Leaving out every picture, copy the lines of the material below exactly, from the line containing "Pink Rose, beautiful" through the line containing "Getting Down With The Wheatear".

- [INPUT DATA]:
····················
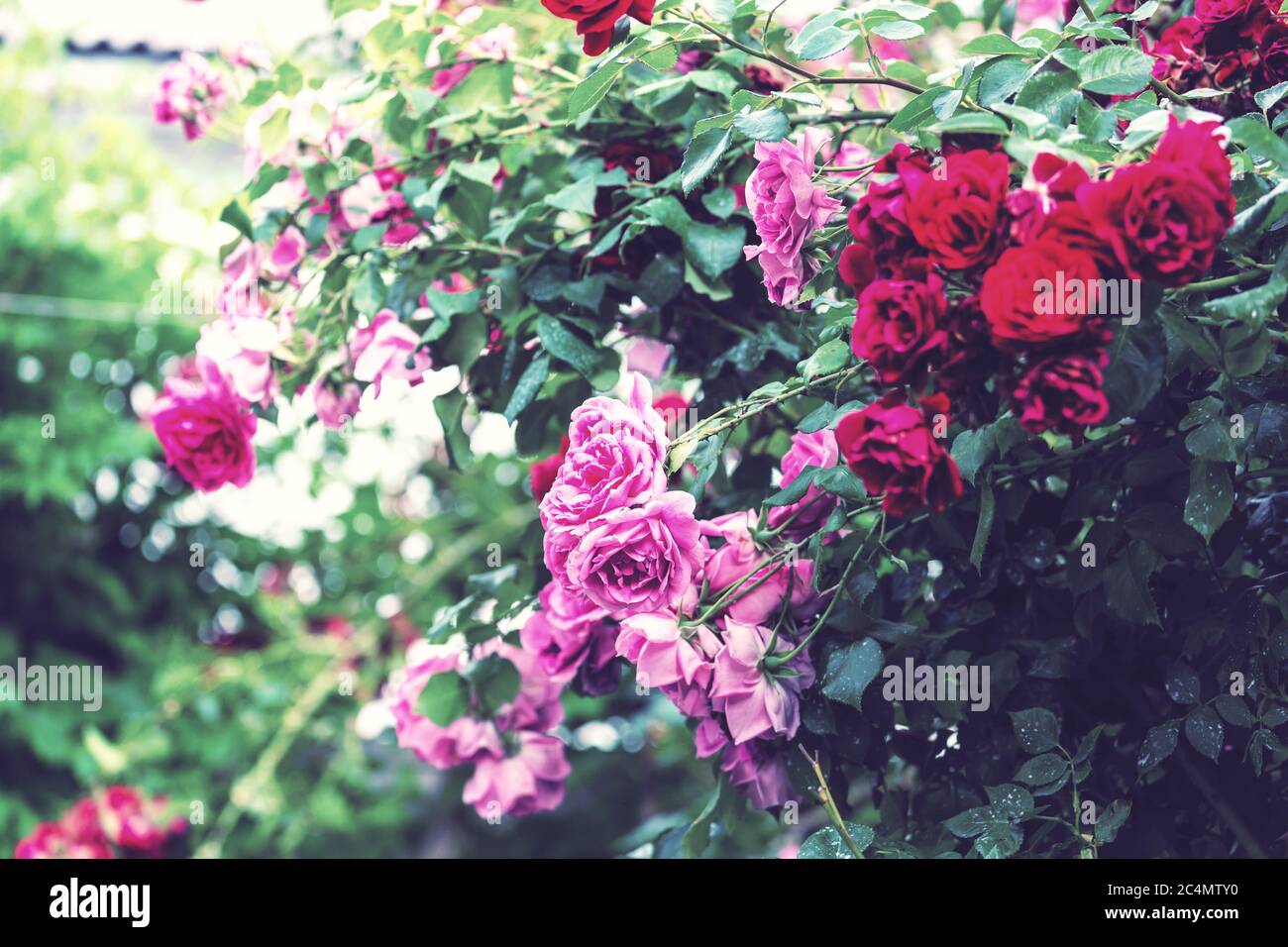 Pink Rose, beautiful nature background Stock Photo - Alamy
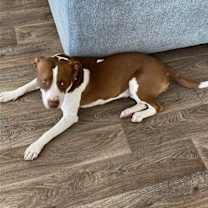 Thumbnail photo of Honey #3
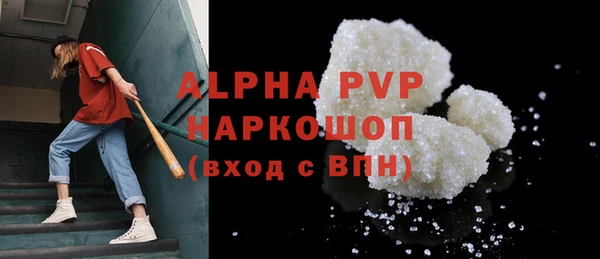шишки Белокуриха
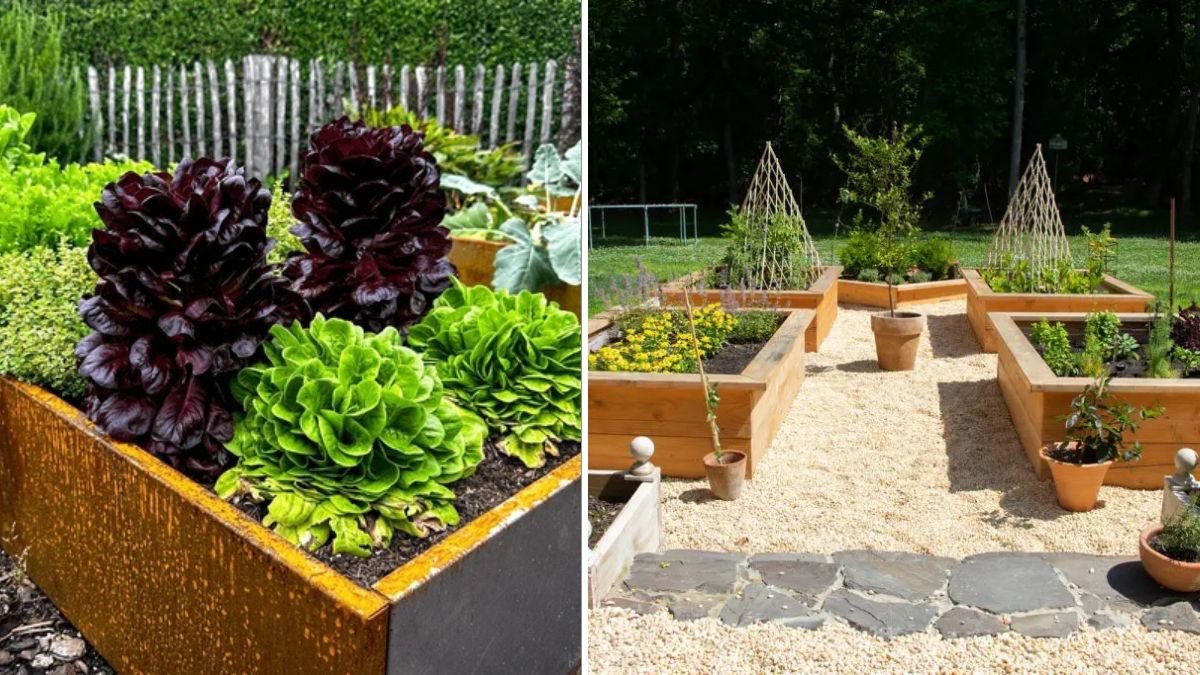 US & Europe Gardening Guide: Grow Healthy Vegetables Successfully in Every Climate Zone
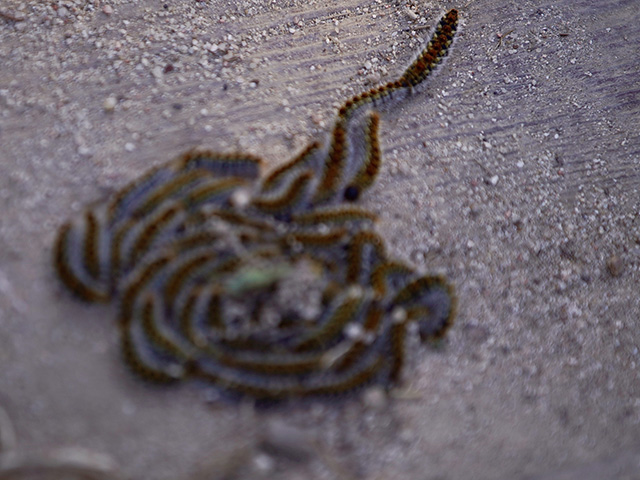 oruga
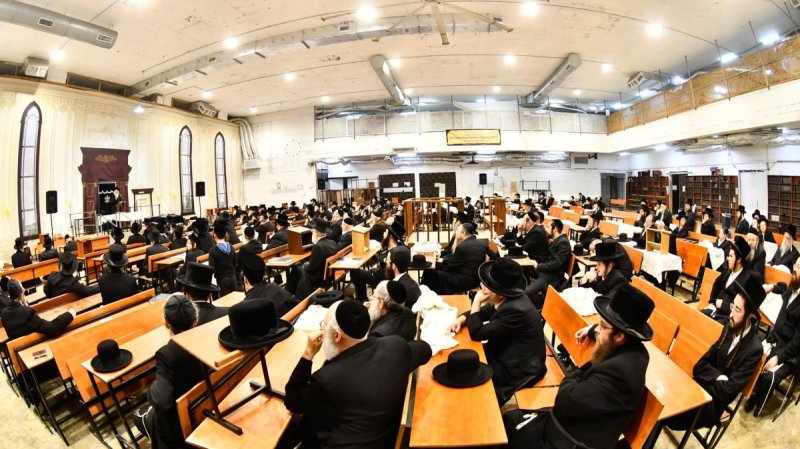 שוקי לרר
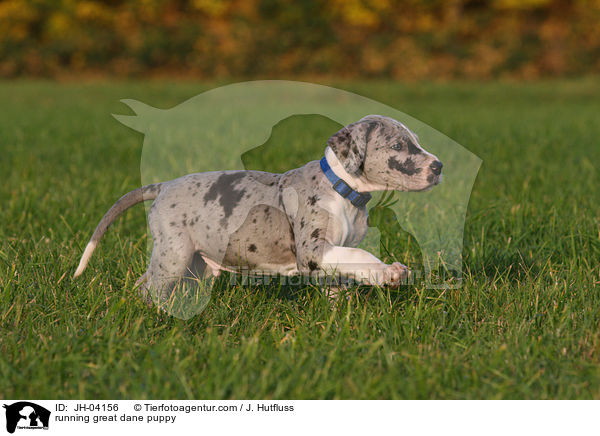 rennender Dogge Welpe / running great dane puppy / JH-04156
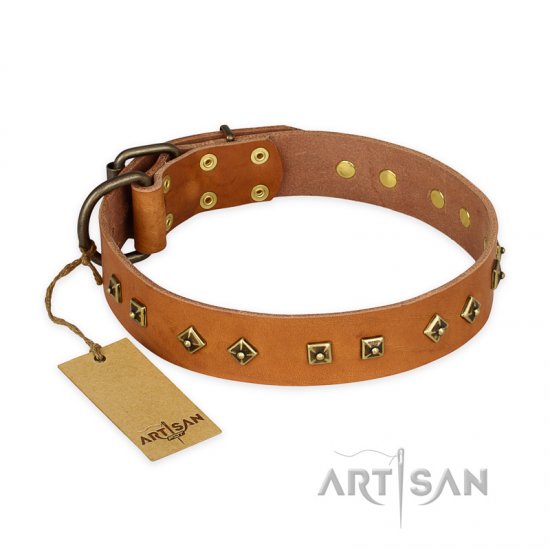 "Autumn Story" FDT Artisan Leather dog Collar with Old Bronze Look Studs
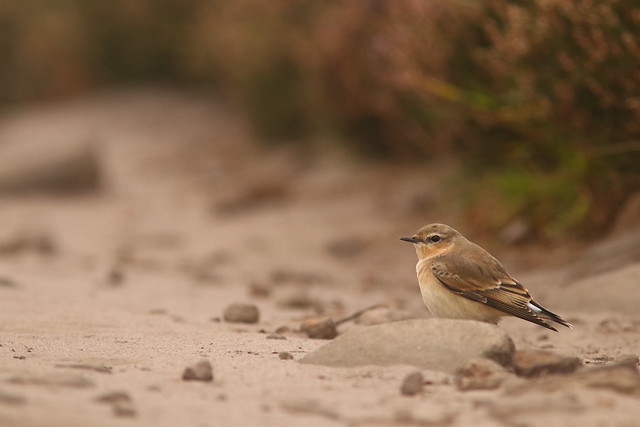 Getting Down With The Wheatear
····················
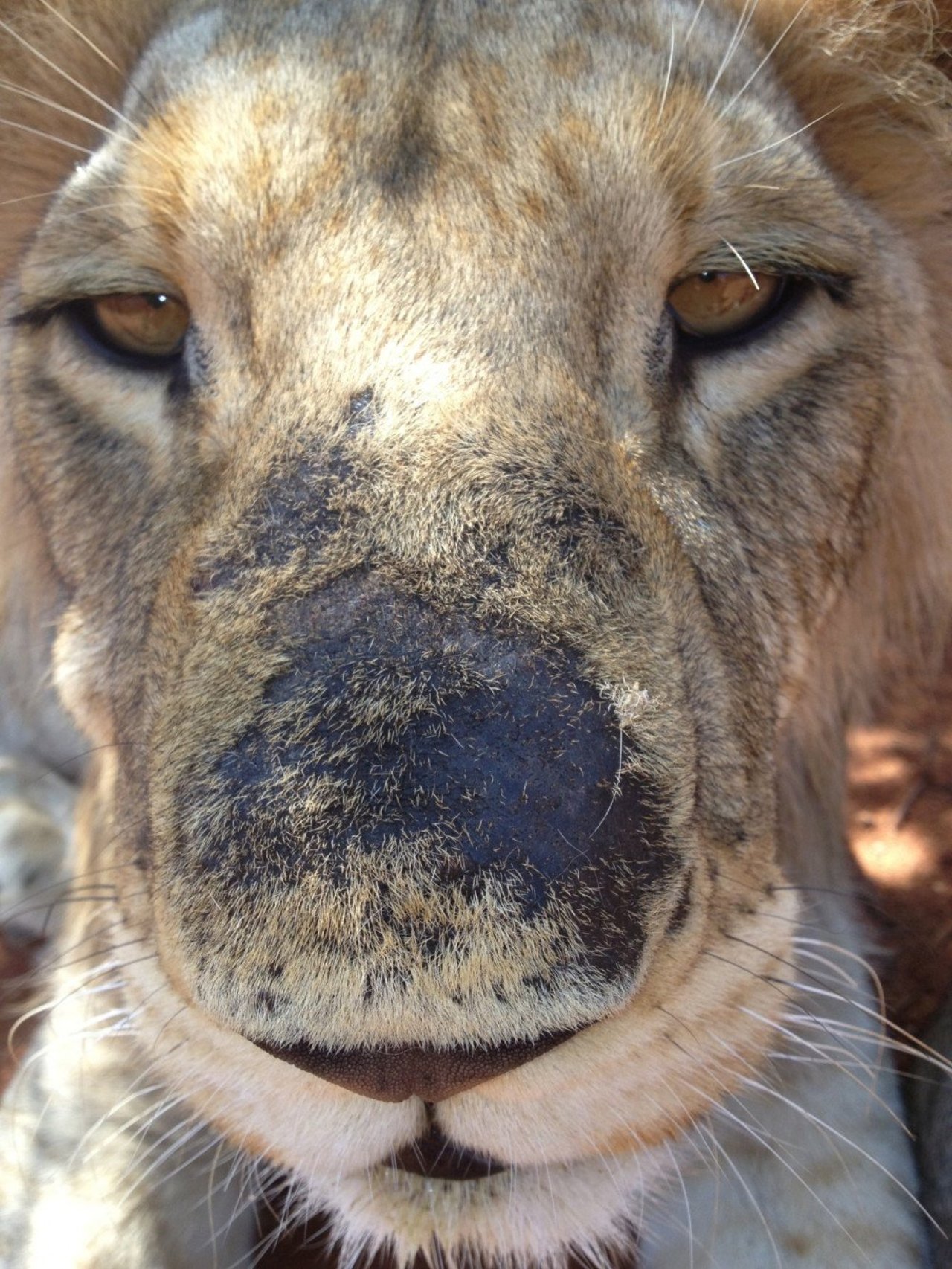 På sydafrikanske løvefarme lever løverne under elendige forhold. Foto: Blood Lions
····················
- [SOLVED PROBLEM]:
 Pink Rose, beautiful nature background Stock Photo - Alamy
 Thumbnail photo of Honey #3
шишки Белокуриха
 US & Europe Gardening Guide: Grow Healthy Vegetables Successfully in Every Climate Zone
 oruga
 שוקי לרר
 rennender Dogge Welpe / running great dane puppy / JH-04156
 "Autumn Story" FDT Artisan Leather dog Collar with Old Bronze Look Studs
 Getting Down With The Wheatear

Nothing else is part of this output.